▸ **What you are asked to do**
Going through the data below, copy out each line where the word "Book" shows up.

┄┄┄┄┄┄┄┄┄┄┄┄┄┄┄┄┄┄┄┄

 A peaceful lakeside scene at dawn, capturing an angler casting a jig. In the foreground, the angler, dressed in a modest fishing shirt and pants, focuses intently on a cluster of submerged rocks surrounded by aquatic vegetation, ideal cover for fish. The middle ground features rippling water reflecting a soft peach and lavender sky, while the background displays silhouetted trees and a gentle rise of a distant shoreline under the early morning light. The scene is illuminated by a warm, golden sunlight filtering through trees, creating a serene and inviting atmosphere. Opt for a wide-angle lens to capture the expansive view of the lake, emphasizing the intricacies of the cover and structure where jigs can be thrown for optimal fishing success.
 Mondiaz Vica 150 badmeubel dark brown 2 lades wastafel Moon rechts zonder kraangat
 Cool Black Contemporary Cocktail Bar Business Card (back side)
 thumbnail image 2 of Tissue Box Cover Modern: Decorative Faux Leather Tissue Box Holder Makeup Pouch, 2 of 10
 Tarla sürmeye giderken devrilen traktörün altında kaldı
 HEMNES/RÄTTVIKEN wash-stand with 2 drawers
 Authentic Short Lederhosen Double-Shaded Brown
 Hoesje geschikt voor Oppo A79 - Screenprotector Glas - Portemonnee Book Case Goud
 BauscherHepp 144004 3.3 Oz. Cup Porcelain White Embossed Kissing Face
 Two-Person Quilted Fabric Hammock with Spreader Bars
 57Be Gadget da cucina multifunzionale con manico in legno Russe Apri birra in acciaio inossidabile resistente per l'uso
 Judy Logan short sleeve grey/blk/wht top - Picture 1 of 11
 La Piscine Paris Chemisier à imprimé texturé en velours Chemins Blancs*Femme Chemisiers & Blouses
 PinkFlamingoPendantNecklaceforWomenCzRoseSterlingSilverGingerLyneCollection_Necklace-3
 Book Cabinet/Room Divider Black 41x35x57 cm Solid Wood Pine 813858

┄┄┄┄┄┄┄┄┄┄┄┄┄┄┄┄┄┄┄┄

▸ **Answer to the exercise**
 Hoesje geschikt voor Oppo A79 - Screenprotector Glas - Portemonnee Book Case Goud
 Book Cabinet/Room Divider Black 41x35x57 cm Solid Wood Pine 813858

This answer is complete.